Terminal: Typing inside of the default WSL terminal feels amazing, why is it better than every other app?

Created on 14 Dec 2018 · 8Comments · Source: microsoft/terminal

Sorry, this isn't an issue, but instead, it's more of a suggestion / request to please not break whatever you did with the default WSL terminal (Ubuntu specifically) being so responsive when it comes to rendering characters on the screen after pressing a key.

Typing in the default WSL terminal feels like you're typing on air. There's a smoothness to it that's not present in any other Windows app, not even notepad.exe. If it feels like it has 10ms of input lag instead of 75ms+ for all other Windows (and 200-250ms+ for most Electron based apps).

What makes the WSL terminal feel better than notepad.exe and will this UI enhancement make its way to all Windows apps in the future?

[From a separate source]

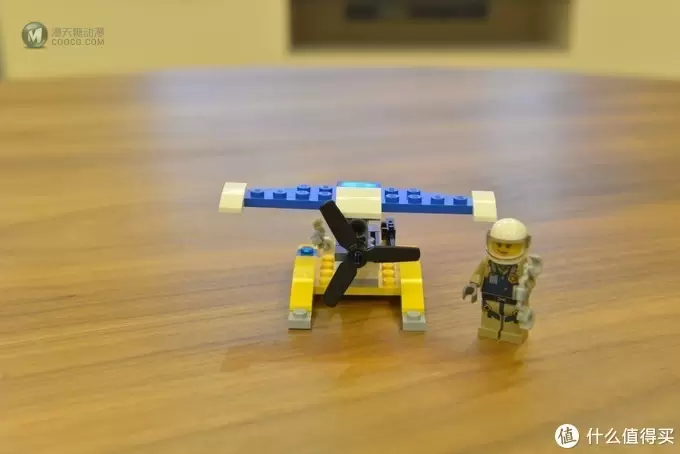 #全民分享季#三五十元也能玩乐高—LEGO 乐高 30359 警务飞机 拼砌包 开箱 #全民分享季#三五十元也能玩乐高—LEGO 乐高 30359 警务飞机 拼砌包 开箱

Feel free to close this if you don't want to discuss it. I mainly opened it to bring an awareness to how good it is to hopefully prevent some type of regression from happening in the future.

Issue-Question Product-Conhost

Source

nickjj

👍207 ❤28 👀10 🚀7 🎉1

Most helpful comment

I really do not mind when someone comes by and decides to tell us that we're doing a good job at something. We hear so many complaints every day that a post like this is a breath of fresh air. Thanks for your thanks!

Also, I'm happy to discuss this with you until you're utterly sick of reading it. Please ask any follow-ons you want. I thrive on blathering about my work. :P

If I had to take an educated guess as to what is making us faster than pretty much any other application on Windows at putting your text on the screen... I would say it is because that is literally our only job! Also probably because we are using darn near the oldest and lowest level APIs that Windows has to accomplish this work.

Pretty much everything else you've listed has some sort of layer or framework involved, or many, many layers and frameworks, when you start talking about Electron and Javascript. We don't.

We have one bare, super un-special window with no additional controls attached to it. We get our keys fed into us from just barely above the kernel given that we're processing them from window messages and not from some sort of eventing framework common to pretty much any other more complicated UI framework than ours (WPF, WinForms, UWP, Electron). And we dump our text straight onto the window surface using GDI's PolyTextOut with no frills.

Even notepad.exe has multiple controls on its window at the very least and is probably (I haven't looked) using some sort of library framework in the edit control to figure out its text layout (which probably is using another library framework for internationalization support...)

Of course this also means that we have trade offs. We don't support fully international text like pretty much every other application will. RTL? No go zone right now. Surrogate pairs and emoji? We're getting there but not there yet. Indic scripts? Nope.

Why are we like this? For one, conhost.exe is old as dirt. It has to use the bare metal bottom layer of everything because it was created before most of those other frameworks were created. And also it maintains as low/bottom level as possible because it is pretty much the first thing that one needs to bring up when bringing up a new operating system edition or device before you have all the nice things like frameworks or what those frameworks require to operate. Also it's written in C/C++ which is about as low and bare metal as we can get.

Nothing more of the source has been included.